El doble poder, que hasta ayer era un concepto quasi militar y
anticuado, emerge en las calles de Santiago.
Traicionada
sucesivamente por todos sus partidos, la clase obrera araucana ha
elevado en su defensa la bandera del autonomismo. Así, el sector
estudiantil dirigente del movimiento rechaza lo que llama el
“partidismo”. Las elecciones de los últimos años muestran
niveles records de abstención. Hasta el momento el rechazo político
ha tenido un contenido altamente revolucionario. Sin embargo, la
necesidad de un partido se hará evidente al crecer la rebelión. Las
asambleas populares son por definición campos de debate en los que
intervienen todas las clases sociales pero ¿pueden compartir los
mismos intereses los presidentes de los grandes clubes de fútbol, los
productores nacionales, los estudiantes y los obreros? Sea bajo las
banderas que sean, las del marxismo o la del anarquismo, las del
poder popular o la de los soviets, las clases oprimidas de Chile
deberán unificarse en un programa que ponga en primer lugar la
necesidad de nacionalizar los recursos naturales, la banca, la
educación y los ministerios bajo estricto control obrero supeditado a
las decisiones de las grandes mayorías. El rigor del enfrentamiento
entre la burguesía nacional que pretende alzar cabeza entre la masas
y el proletariado no tardará en sentirse. Por su parte ¿existe hecho de mayor autonomía que conformar nuestro propio partido sin la intromisión del Estado y los explotadores?
La
rebelión chilena es sin duda el camino que debe guiar la acción de
todos los revolucionarios del continente. La lucha por una asamblea
constituyente en Chile educará al resto de América Latina en la
necesidad de elevar consignas de poder para hacer frente a las
penurias del pueblo. Esto es crucial para los países donde el proletariado se
encuentra preso entre variantes políticas que lo asfixian, como en
Venezuela o Bolivia. La principal enseñanza de los últimos días ha
sido que los organismos autónomos de las masas continúan siendo la
tendencia que se desarrolla en todos los procesos políticos del
mundo. Las asambleas populares bolivianas, las coordinadores
interfabriles en Argentina o las Bembas en la revolución cubana,
todos ellos nacen “espontáneamente” al calor de las grandes
rebeliones. Los tribunos obreros del continente deben poner allí
toda su atención llamando a la conformación de organismos de
deliberación frente a cada batalla, frente a cada huelga, frente a
cada reclamo. Tenemos el objetivo y la frente en alto pensando en
coordinar todos nuestros organismos en una gran asamblea
constituyente que prepare la unidad socialista de América Latina.
Desarrollemos asambleas populares en todos los barrios por la
victoria de Chile.
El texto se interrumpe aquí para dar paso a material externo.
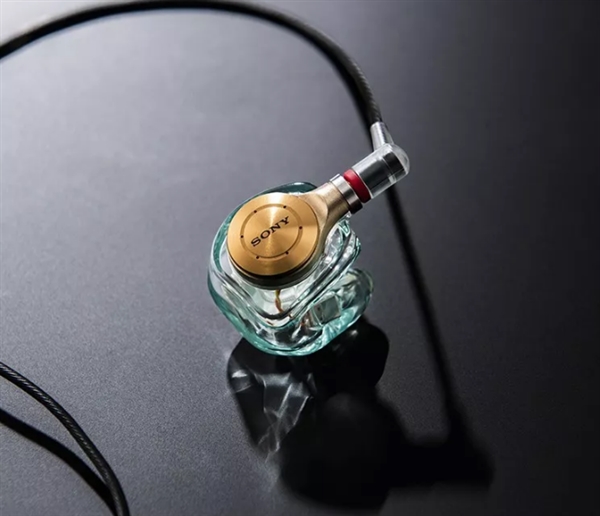索尼迎来第二代Just ear定制耳机：两种型号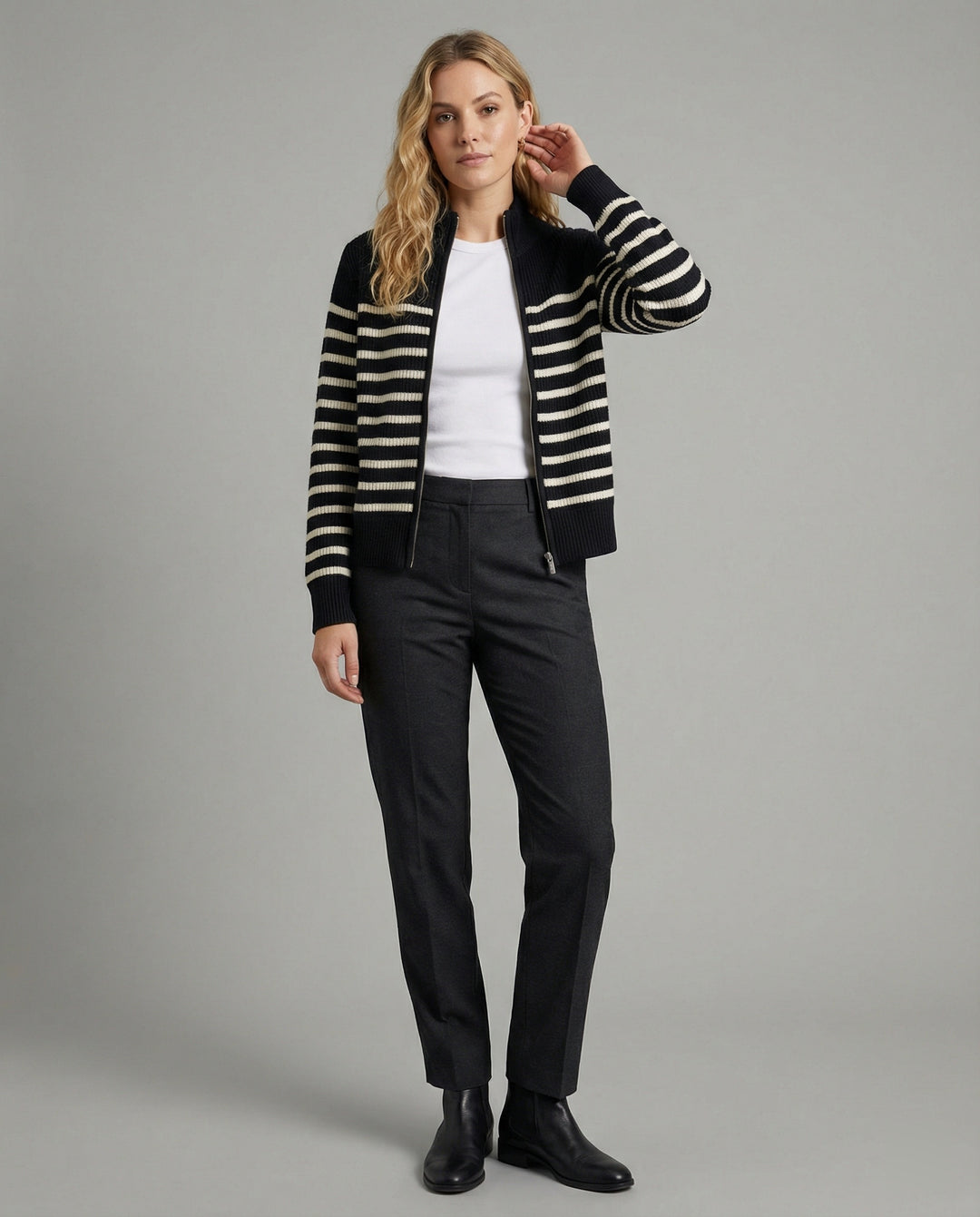 Kurze Strickjacke mit maritimen Blockstreifen Reißverschluss und Schalkragen R&B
Es evidente que ningún otro sector político más
que la izquierda revolucionaria puede asumir esta tarea.
Cuando
las masas alcancen su punto de conciencia política máximo
correspondiente al grado de desarrollo de las fuerzas productivas,
ellas mismas apoyadas en partidos que las acompañen se encargarán
de hacer de la asamblea constituyente una consigna anticuada. De
hecho la misma burguesía se hará cargo de ello llamando
constituyente a alguna reunión parlamentaria que disfrace los
alcances de la actual revolución. Allí la constituyente se
transformará en la necesidad de la insurrección y la lucha por la
democracia popular será la dictadura de las grandes mayorías contra
el capital. Mientras tanto la consigna continua siendo el medio de
transición más desarrollado para poner en eje el caracter político de la crisis, la caída sucesiva de regímenes en todo el
mundo y la falta de iniciativa estratégica e histórica de las
clases dominantes para imponer una salida sin la utilización de las
armas. América Latina: ahora es cuando.